This work has now progressed to the action stage, where we are actively implementing what we’ve discovered into our daily practice.

 Why Emotional Support and Attachment Matter?

In the first years of life, infants and toddlers rely on consistent, loving relationships with trusted adults to feel safe and secure. These early connections lay the groundwork for all areas of development — cognitive, emotional, and social.

Drawing on insights from Brainwave Trust Aotearoa, we’ve learned that emotional responsiveness is not just supportive — it’s essential for healthy brain development. In fact, during the first three years, a child’s brain forms more than a million neural connections every second. These connections are shaped by the relationships and interactions they experience every day. When children feel secure and understood, their brains are primed for learning. When they are stressed or emotionally disconnected, learning and development can be disrupted.

Strengthening the Key Teacher Approach

Through our inquiry, we’ve recognised the key teacher approach as central to meeting our infants’ and toddlers’ emotional needs. A strong key teacher relationship creates a secure base from which children can explore, build confidence, and form positive relationships with others.
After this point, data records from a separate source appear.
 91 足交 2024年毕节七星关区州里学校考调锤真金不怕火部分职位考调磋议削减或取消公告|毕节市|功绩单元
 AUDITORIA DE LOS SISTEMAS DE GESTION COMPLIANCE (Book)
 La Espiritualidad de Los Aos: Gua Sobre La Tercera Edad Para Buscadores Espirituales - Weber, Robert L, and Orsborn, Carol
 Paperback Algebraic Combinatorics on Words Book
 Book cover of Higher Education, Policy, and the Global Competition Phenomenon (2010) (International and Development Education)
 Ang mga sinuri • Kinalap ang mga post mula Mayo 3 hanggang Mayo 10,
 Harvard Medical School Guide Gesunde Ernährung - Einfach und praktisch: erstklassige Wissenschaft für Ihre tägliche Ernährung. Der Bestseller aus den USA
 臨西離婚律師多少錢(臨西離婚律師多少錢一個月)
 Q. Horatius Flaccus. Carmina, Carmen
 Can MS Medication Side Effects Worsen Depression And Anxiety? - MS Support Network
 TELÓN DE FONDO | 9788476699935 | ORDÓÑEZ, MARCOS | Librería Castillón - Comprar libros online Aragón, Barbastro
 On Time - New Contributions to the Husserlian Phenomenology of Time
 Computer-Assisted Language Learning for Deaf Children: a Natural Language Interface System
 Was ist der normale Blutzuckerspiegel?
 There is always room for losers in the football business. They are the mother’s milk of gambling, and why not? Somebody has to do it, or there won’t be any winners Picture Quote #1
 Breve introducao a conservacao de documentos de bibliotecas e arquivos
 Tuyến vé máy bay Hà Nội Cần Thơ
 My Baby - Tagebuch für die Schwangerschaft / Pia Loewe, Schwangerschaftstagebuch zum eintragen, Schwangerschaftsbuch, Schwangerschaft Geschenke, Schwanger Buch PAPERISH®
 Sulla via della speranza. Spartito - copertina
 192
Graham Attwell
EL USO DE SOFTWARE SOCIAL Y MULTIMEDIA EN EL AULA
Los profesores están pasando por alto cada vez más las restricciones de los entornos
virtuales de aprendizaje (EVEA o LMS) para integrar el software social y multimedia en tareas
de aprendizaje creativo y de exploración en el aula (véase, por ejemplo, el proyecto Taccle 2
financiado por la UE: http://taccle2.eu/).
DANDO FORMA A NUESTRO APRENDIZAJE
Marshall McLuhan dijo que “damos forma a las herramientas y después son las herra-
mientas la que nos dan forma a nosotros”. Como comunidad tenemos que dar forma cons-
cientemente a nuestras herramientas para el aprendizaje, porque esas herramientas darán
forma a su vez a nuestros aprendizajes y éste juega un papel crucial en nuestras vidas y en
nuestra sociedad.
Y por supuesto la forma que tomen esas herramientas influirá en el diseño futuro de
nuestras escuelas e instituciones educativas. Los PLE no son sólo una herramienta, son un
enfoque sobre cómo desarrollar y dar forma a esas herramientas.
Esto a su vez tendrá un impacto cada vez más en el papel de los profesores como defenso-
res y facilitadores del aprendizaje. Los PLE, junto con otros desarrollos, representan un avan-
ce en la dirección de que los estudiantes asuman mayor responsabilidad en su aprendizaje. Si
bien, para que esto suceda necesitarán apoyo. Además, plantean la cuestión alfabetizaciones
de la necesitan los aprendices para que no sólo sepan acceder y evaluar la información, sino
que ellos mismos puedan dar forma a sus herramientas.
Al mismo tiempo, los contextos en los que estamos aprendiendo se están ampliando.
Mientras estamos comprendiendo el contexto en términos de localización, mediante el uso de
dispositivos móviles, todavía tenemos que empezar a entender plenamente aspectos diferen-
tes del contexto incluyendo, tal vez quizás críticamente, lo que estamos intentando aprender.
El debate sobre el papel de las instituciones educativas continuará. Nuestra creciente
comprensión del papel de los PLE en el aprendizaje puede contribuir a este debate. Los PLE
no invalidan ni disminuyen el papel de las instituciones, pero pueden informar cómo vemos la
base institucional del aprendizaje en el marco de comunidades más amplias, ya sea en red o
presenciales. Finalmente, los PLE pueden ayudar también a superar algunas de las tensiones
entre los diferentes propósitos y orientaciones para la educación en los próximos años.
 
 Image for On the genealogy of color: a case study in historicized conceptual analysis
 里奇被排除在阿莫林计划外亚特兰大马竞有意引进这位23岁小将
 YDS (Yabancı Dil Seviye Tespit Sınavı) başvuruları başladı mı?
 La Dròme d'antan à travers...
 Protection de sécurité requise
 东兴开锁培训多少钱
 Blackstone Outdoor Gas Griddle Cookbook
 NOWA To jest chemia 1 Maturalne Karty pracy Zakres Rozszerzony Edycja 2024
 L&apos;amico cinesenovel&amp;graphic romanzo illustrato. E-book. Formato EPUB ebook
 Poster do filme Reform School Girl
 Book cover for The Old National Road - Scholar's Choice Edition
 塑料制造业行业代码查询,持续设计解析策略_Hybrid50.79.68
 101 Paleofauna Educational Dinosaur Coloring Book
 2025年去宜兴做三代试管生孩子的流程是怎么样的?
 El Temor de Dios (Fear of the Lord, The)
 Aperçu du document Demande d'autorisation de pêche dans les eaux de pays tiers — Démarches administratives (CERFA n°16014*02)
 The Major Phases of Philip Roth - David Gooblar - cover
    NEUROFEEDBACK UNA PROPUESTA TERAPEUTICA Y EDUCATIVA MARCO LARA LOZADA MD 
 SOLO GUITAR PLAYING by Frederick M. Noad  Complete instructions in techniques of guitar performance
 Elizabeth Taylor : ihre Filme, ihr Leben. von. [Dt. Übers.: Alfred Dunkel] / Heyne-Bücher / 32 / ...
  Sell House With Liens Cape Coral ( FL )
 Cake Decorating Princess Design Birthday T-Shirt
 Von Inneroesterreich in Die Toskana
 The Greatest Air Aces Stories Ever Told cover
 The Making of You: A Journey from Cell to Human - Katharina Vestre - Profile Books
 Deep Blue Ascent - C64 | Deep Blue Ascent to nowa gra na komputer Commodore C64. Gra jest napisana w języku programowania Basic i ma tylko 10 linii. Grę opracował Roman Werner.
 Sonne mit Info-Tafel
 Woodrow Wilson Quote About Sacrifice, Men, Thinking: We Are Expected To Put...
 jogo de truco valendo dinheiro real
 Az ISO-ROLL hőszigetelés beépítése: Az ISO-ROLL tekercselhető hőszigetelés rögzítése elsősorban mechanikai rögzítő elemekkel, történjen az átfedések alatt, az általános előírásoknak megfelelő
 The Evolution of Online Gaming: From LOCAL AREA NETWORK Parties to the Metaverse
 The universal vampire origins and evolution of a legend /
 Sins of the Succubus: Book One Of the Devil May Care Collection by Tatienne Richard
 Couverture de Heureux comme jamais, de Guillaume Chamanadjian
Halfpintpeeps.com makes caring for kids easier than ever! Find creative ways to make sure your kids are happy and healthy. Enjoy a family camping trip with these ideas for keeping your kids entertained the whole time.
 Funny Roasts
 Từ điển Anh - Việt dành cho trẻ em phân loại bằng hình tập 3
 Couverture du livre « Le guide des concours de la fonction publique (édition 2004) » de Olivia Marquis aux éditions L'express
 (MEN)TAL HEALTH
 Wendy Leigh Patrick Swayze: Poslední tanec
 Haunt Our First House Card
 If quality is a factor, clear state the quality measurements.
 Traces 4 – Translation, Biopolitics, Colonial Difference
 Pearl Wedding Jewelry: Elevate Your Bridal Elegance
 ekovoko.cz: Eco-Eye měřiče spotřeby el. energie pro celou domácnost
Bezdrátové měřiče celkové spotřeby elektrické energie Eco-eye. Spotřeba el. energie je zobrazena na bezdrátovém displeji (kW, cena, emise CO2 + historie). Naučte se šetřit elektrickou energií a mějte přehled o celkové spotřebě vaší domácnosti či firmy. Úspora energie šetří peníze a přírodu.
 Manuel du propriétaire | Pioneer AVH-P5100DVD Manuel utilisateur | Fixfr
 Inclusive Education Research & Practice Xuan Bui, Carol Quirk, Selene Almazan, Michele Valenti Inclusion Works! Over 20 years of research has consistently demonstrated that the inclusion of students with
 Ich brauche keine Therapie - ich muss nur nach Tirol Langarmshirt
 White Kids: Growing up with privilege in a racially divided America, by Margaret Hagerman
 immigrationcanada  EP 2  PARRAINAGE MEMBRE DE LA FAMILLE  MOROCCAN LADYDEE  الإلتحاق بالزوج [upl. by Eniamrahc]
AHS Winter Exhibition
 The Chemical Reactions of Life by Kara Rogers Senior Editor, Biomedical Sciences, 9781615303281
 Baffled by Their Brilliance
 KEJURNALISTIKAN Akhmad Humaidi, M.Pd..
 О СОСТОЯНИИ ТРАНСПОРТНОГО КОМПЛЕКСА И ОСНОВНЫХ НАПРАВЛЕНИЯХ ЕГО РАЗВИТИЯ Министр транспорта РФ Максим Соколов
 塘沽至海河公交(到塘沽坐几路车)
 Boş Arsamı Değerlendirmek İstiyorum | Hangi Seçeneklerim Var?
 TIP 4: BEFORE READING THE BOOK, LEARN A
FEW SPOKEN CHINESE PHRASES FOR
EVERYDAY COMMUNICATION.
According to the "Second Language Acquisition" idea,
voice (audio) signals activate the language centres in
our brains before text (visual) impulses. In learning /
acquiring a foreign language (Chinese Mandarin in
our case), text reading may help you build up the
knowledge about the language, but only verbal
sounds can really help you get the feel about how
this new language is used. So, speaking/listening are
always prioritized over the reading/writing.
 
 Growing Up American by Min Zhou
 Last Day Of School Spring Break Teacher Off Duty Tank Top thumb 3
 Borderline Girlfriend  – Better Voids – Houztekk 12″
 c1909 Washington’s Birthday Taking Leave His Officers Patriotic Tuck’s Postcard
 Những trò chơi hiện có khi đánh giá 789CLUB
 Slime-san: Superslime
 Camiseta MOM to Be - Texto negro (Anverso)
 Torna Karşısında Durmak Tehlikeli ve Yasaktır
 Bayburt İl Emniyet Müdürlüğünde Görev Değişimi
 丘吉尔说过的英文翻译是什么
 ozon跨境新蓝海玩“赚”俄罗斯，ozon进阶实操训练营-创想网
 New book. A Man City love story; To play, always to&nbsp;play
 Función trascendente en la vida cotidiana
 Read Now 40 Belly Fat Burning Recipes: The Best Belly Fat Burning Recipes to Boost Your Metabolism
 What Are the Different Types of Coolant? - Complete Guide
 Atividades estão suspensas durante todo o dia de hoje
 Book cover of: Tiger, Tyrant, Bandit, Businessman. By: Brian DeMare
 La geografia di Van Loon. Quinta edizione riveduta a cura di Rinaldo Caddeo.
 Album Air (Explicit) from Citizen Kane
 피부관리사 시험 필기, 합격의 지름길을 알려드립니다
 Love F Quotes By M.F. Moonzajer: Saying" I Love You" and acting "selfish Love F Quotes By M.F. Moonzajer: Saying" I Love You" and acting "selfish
Our investigations have shown that when a child has a consistent, emotionally attuned teacher who knows them well — their routines, their cues, their unique personalities — they feel more settled, confident, and ready to engage in learning. This connection also supports emotional regulation and helps tamariki feel safe enough to express their needs and feelings.

From Inquiry to Action

Now in the action phase, our Infant and Toddler kaiako are: Reinforcing Primary Relationships: Ensuring that each child has a key teacher who is consistently present and emotionally available, particularly during care moments like nappy changes, feeding, and settling. Focusing on Responsive Practice: Slowing down and being present — taking time to tune into each child’s cues, respond with warmth, and build trust through gentle, predictable interactions.

Reflecting as a Team

Holding regular reflective hui to discuss how individual children are experiencing emotional support, and how our environment and routines can better support secure attachments.

Strengthening Whānau Partnerships

Deepening conversations with parents and caregivers to ensure alignment between home and centre, and to honour the emotional rhythms and needs of each child.

What We’re Learning

This inquiry has reminded us that emotional wellbeing is foundational to learning — not something separate from it. When infants and toddlers feel emotionally supported, their capacity to engage, explore, and connect grows. Our team is seeing the difference this work is making: tamariki are more settled, transitions are smoother, and relationships are deeper.

By grounding our practice in the science of early brain development and the wisdom of responsive care, we are building a strong, secure foundation for each child — one loving interaction at a time.